Manitoba’s challenging climate won’t leave producers out in the cold when it comes to anaerobic digesters, says a University of Manitoba researcher.
“If you insulate it properly and it’s heated, there shouldn’t be any obstacles to having this technology,” PhD candidate Elsie Jordaan said during a presentation sponsored by the National Centre for Livestock and the Environment.
Just how much insulation is needed is still being debated, but Alberta and Saskatchewan have anaerobic digesters in operation despite similar climatic challenges, said Jordaan.
Manitoba Hydro is working with Natural Resources Canada and the University of Manitoba to develop and install a comprehensive anaerobic digester system at Sweetridge Farms near Winkler.

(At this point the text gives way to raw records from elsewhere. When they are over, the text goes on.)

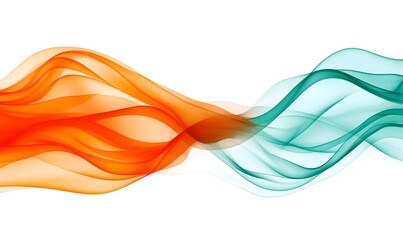 Abstract orange and teal wave flow.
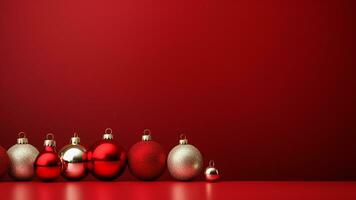 alegre Natal vermelho fundo com amplo cópia de espaço, ai generativo foto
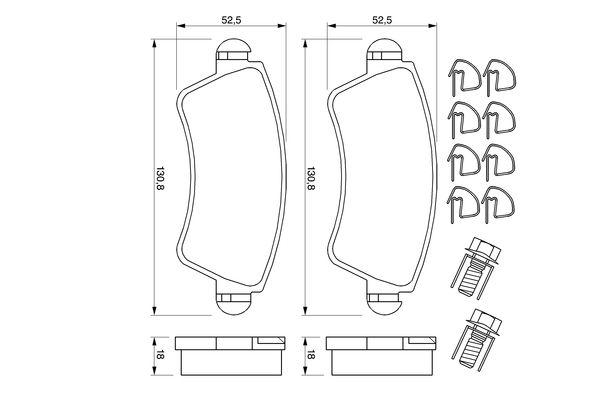 Kit de plaquettes de frein, frein à disque BOSCH 0986424801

The operators of the large dairy farm are looking to improve the quality of the manure, as well as generate animal bedding through the process, said Jordaan. Fifty kilowatts of electricity and heat will also be generated from the manure on site.
The project, due to be completed this fall, has encountered some bumps along the way, as have the Ontario-based company that has undertaken the project. But those setbacks haven’t been climate related.

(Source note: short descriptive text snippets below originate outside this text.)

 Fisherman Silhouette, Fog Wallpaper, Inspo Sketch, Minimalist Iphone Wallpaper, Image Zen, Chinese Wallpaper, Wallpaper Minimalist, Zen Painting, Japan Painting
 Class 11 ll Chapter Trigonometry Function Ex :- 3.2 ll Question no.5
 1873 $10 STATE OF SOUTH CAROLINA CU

“I think a lot of it has just been that the company’s learning curve for doing this kind of project in Manitoba has been very steep,” said Jordan Langner, a renewable energy engineer with Manitoba Hydro.

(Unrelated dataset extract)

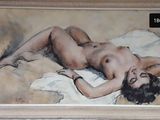 a painting of a nude woman laying on a bed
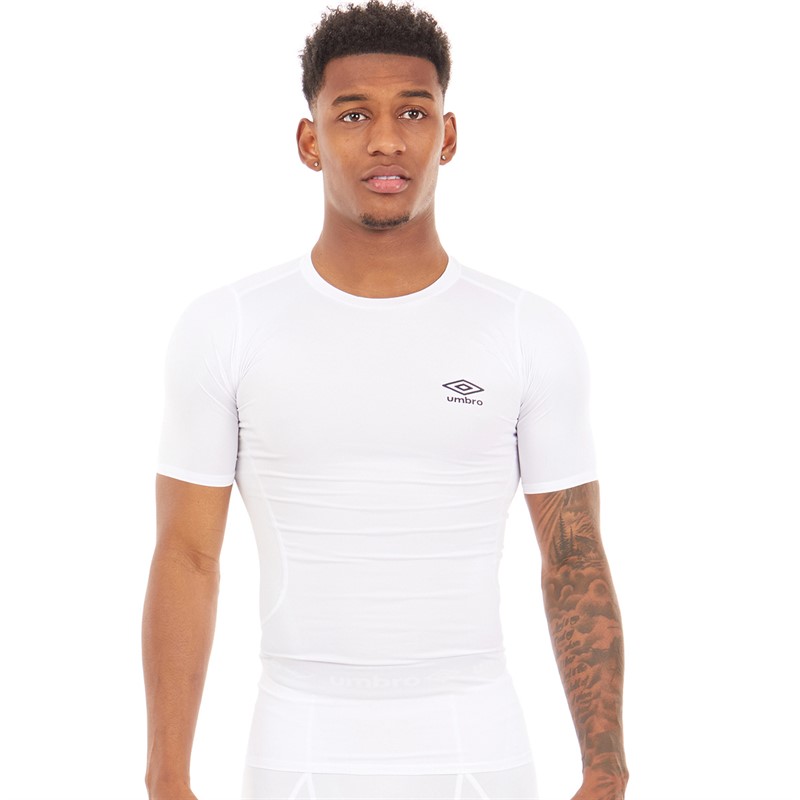 Umbro Mens Compression Short Sleeve T-Shirt White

The Sweetridge project will not only prove anaerobic digesters are feasible in Manitoba, but make it easier for future digester projects to get off the ground, said Langner.
“There’s a lot of things about Manitoba that make our situation different, climate is one, but also our manure management regulations are something that is unique here,” he said.
Aside from technology, Jordaan said costs associated with building digesters may also be a deterrent for some people.
The digester near Winkler will cost about $750,000 to build, but Langner said some of the research aspects of the project have increased construction costs.